俺の屋敷の奴とは、そもそもの規模が違う。空間そのものを牢獄にしている気さえする。見渡す限り柵ばかりだった。呻き声の数々に、ほんと独房巡回ツアーかって思うほど。
「というわけで、話を聞きに来た」
「どういう訳かまるでわからないね。この僕に用とは、いったいどういう風の吹き回しだい?」
「ストーリー・テラーについて知りたい」
さっきまでの人をおちょくるような薄ら笑いが消え、柵の向こうのヴァルヘイムの表情に陰りが生まれた。
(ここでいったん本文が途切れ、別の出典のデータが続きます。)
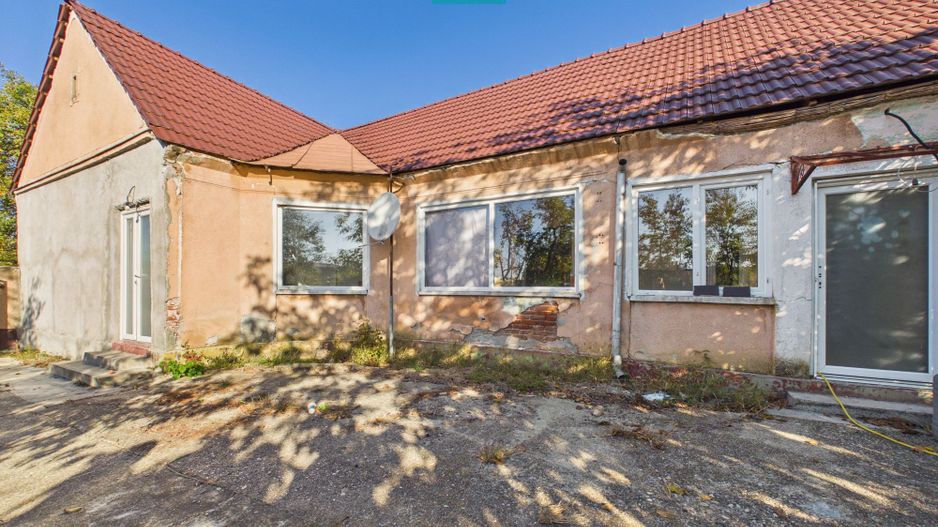 Casă cu teren 983 mp, front stradal 30 m, Cicir - Poză 1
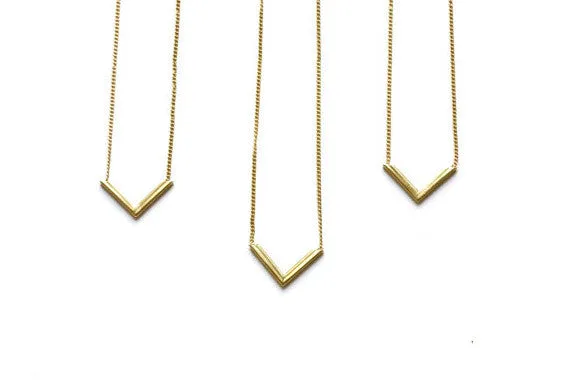 Simple V Necklace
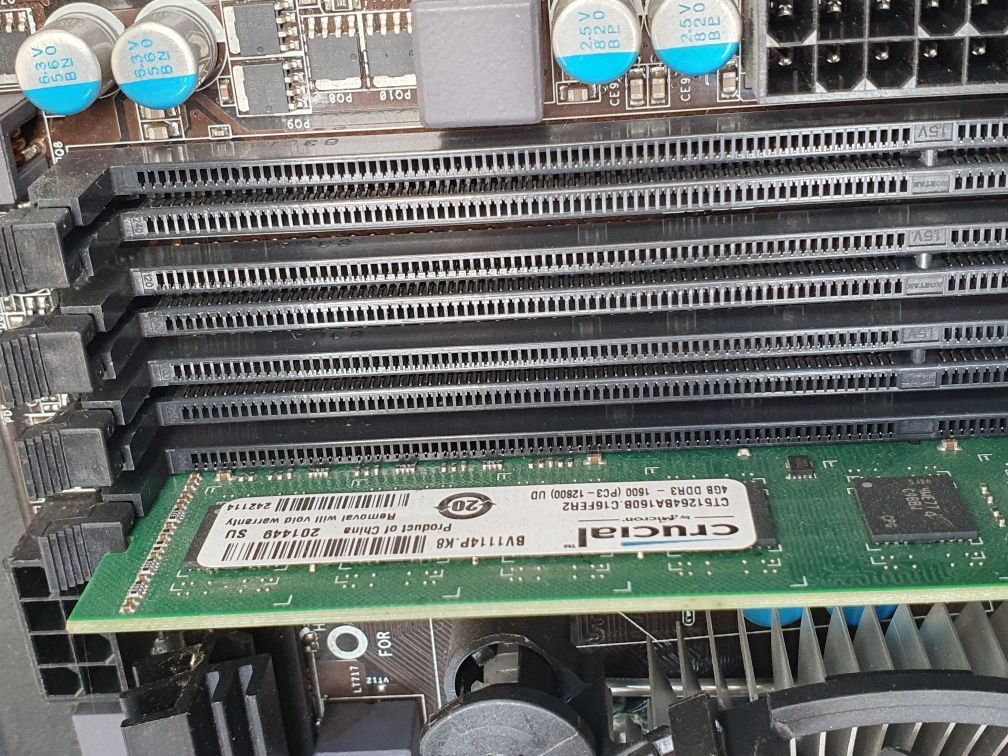 Komputer ASROCK B75Pro3 gv r575d5 1gd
散々な目に遭った奴からその過去を根掘り葉掘りなんて、自分も結構な外道になったと思う。
本当に申し訳ないけど必要な事なんだ。介抱なんて後でいくらでもしてやるから許せ。
が、そんな杞憂をかき消すように、ヴァルヘイムはこう答えた。
「奇遇だね、僕も話したいことがある。ただ、この話は君にも関係することだ。それを聞いてからでも遅くはないと思うけど?」
「……先に聞く」
「わかった。じゃあこちらから話すよ」
俺に関係すること。といえば間違いなくこの世界の深淵が関わってくる。ロクな話じゃなきゃいいけど……
そうやって身構えてもなお、ヴァルヘイムの口から語られたのは衝撃的な内容だった。